Camera IconThe Minister says the German retailer would not even consider a milk levy to support Australian farmers. Credit: Getty Images

Federal Agriculture Minister David Littleproud has stepped up his feud with Aldi over a 10¢ across-the-board milk levy to support drought-stricken farmers, saying the German retailer has refused to back the move.

The Minister yesterday took aim at the supermarket giants for their ‘half-baked’ attempts to introduce the levy.

But he saved his most scathing remarks for Aldi.

“They’ve done bugger all, they’ve done nothing, they won’t ever come to the party and help the dairy industry,” Mr Littleproud told the ABC on Monday morning.

“Aldi basically just turned around and said ‘Go and jam it’. Well, you know what, we should say to the big German ‘You go and jam it’.

“The reality is they’re not interested in the dairy industry here in Australia. They’ve done nothing, they’ve done bugger all, and it’s time the Australian consumer looked at Aldi and what they’ve done.”

Aldi returned serve, saying it was working directly with suppliers to ease pressure on farmers by accepting price increases.

“Without a transparent, auditable and equitable process for funds collection and distribution, we believe that it would be irresponsible of Aldi to tax consumers on the purchase of milk,” the company said.

“Our firm preference is to support government-led industry reform, not short-term levies that could artificially alter market dynamics and have limited impact for those in most need.”

Mr Littleproud said Coles and Woolworths had failed to follow through with the original idea of a 10¢-a-litre levy on all milk brands that would be paid to processors that supply supermarkets.

He took particular aim at Coles, saying the supermarket was forced to take part in the scheme when rival Woolworth’s signed up.

Mr Littleproud said Coles was being either lazy or slippery through its “empty media stunt”.

“The result is a half-baked policy which only applies to Coles’ 3-litre variety of their own milk brand — and may not even go back to the farmers who supply that tiny portion of drinking milk,” Mr Littleproud said.

But Coles hit back at the comments.

“It is disappointing that the Minister has chosen to criticise Coles — which has already committed over $12 million for drought relief — before becoming familiar with the facts,” a spokesman said.

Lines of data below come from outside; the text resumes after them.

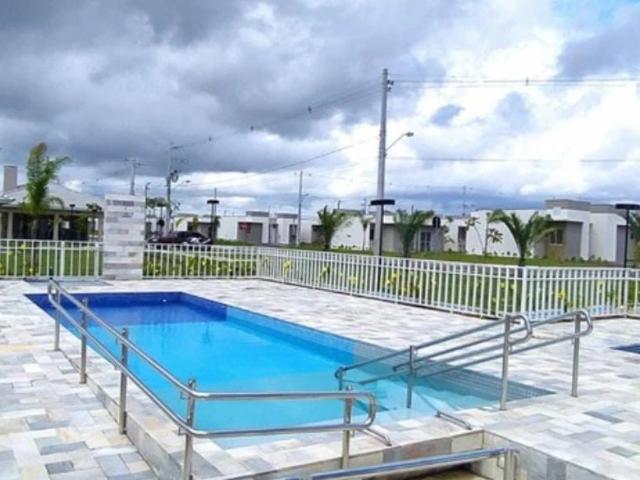 Casa / Sobrado em Condomínio para Venda em Feira de Santana/BA Papagaio 2 Quartos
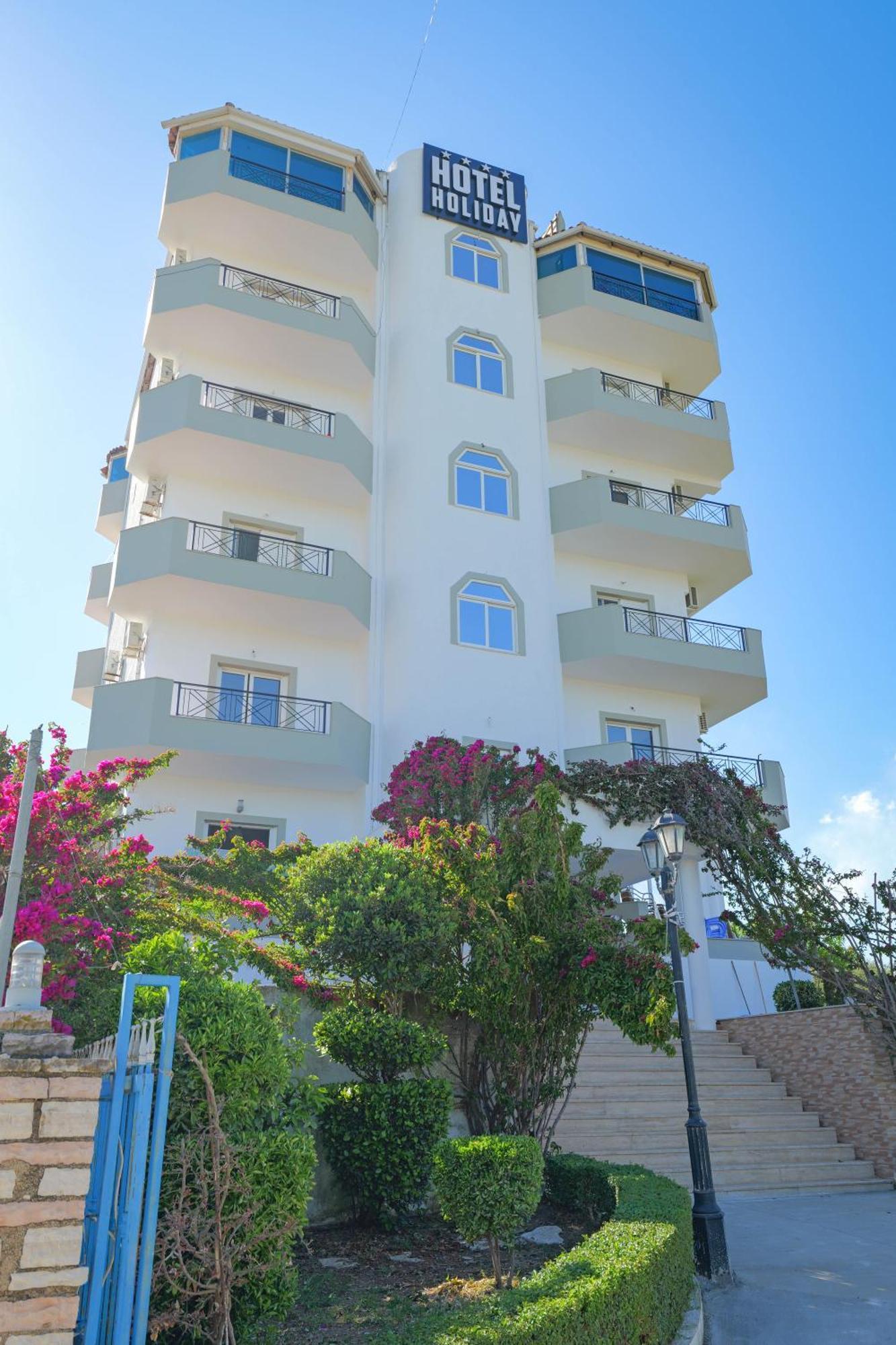 Hotel Holiday ซารานเดอ ภายนอก รูปภาพ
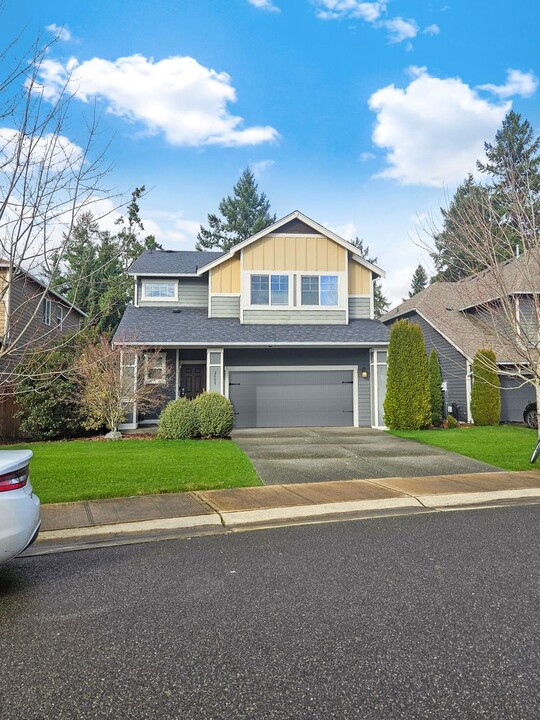 2005 184th St Ct E in Spanaway, WA - Foto de edificio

Coles said it had appointed PwC as an independent auditor to oversee the application administration process and verify funds have been allocated to the farmers as promised.

Woolworths is only applying the levy to its own brand $1 milk and Aldi has refused to consider a levy at all, he said.

Dairy farmers last month called for a levy on all milk sales to help farmers battling drought.

Woolworths has yet to respond to the comments.

Nationals ministers have backed Mr Littleproud’s comments, with one saying Australia’s major supermarket chains are “pretending to be good people” during the drought.

Nationals MP Andrew Broad, an assistant minister to the Prime Minister, accused Coles of trying to be “big men” during the drought.

Mr Broad seized on the public clash to demand an end to the controversial $1 a litre milk, which was introduced in 2013.

“I think what Coles are doing by pretending to be good people in the drought, we can now see through,” he told Sky News on Monday.

“Nothing makes people more cynical than supermarkets saying they’re going to help farmers and then not actually helping them.”